WHAT IS EXPECTED - Could you transcribe exactly the lines below, from the line with "Middle Floor Apartment in Elviria" through the line with "Fashion Gold Crystal", and nothing else, leaving out the pictures?

GIVEN ENTRIES -
[Start of Attachment]
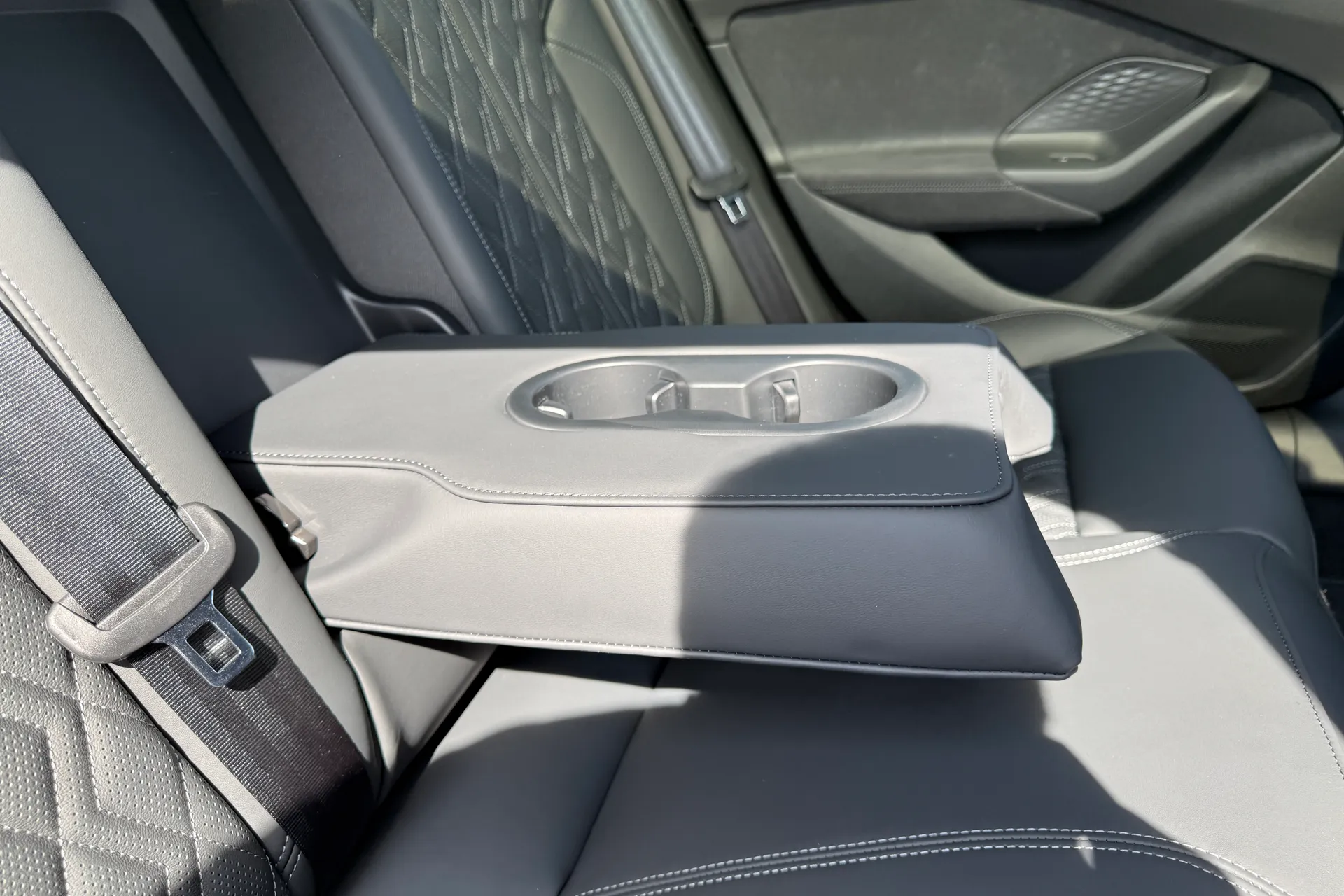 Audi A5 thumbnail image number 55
[End of Attachment]
[Start of Attachment]
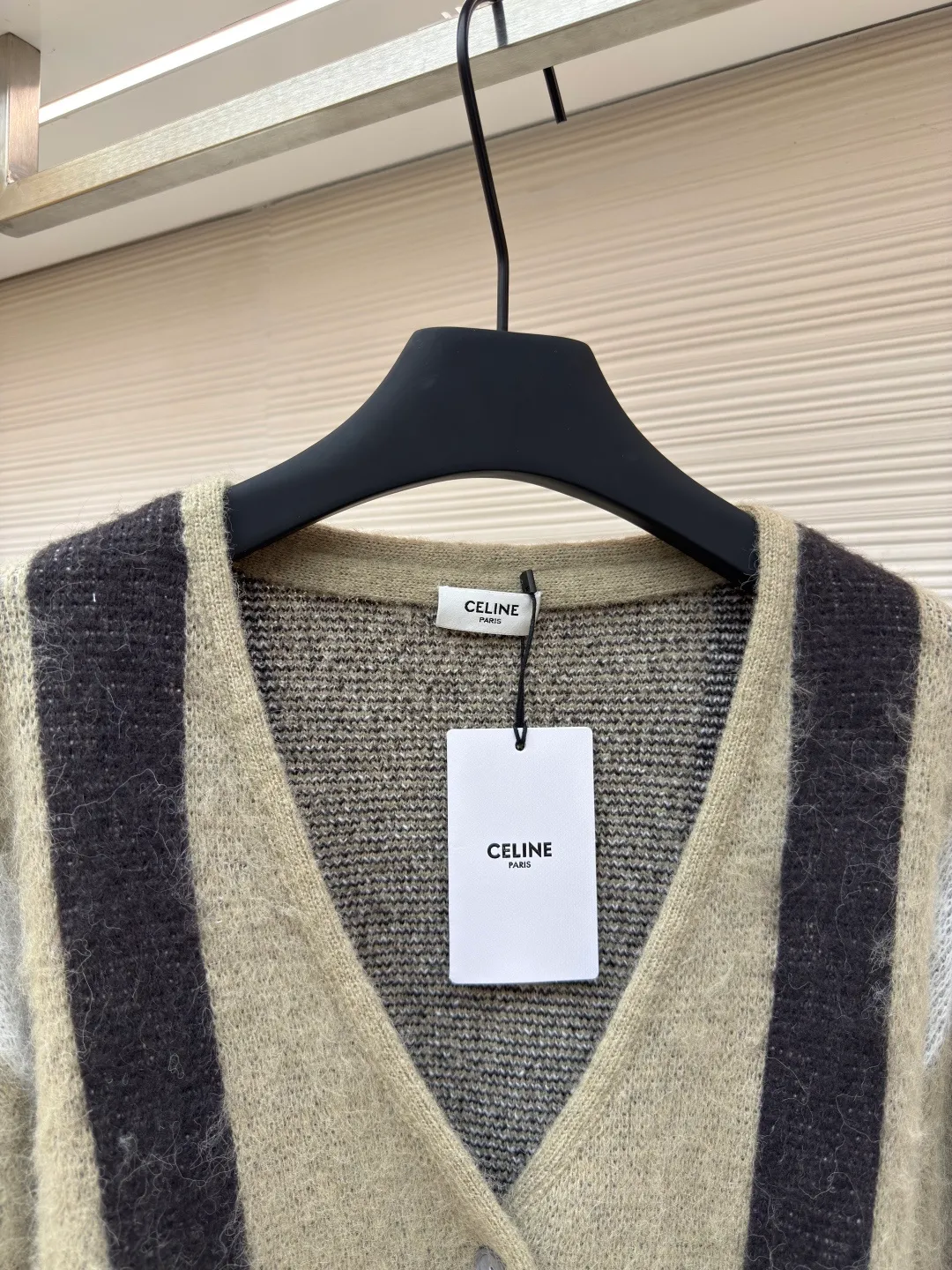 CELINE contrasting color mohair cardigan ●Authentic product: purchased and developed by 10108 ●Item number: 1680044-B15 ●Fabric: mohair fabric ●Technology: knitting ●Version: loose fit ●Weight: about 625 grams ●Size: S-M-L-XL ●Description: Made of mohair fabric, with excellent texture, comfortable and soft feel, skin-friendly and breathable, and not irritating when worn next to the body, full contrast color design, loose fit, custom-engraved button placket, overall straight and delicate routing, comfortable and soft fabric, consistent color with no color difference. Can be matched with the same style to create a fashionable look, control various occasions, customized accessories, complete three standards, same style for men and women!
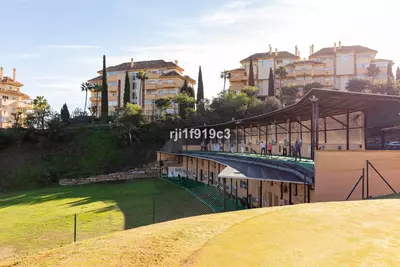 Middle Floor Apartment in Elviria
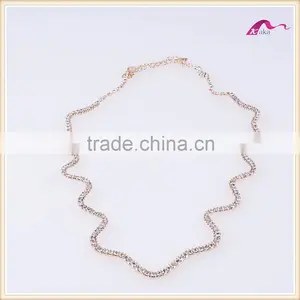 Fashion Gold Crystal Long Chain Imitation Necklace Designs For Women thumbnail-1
[End of Attachment]
[Start of Attachment]
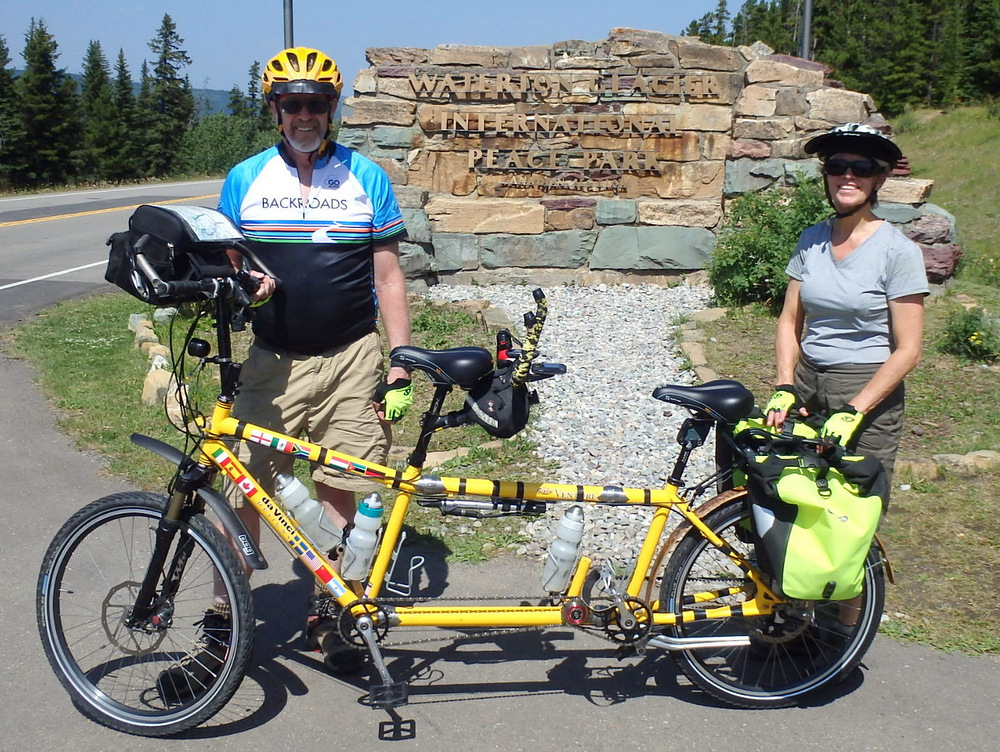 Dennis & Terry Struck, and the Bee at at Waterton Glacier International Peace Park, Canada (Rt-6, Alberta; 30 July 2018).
[End of Attachment]
WRITTEN REPLY -
 Middle Floor Apartment in Elviria
 Fashion Gold Crystal Long Chain Imitation Necklace Designs For Women thumbnail-1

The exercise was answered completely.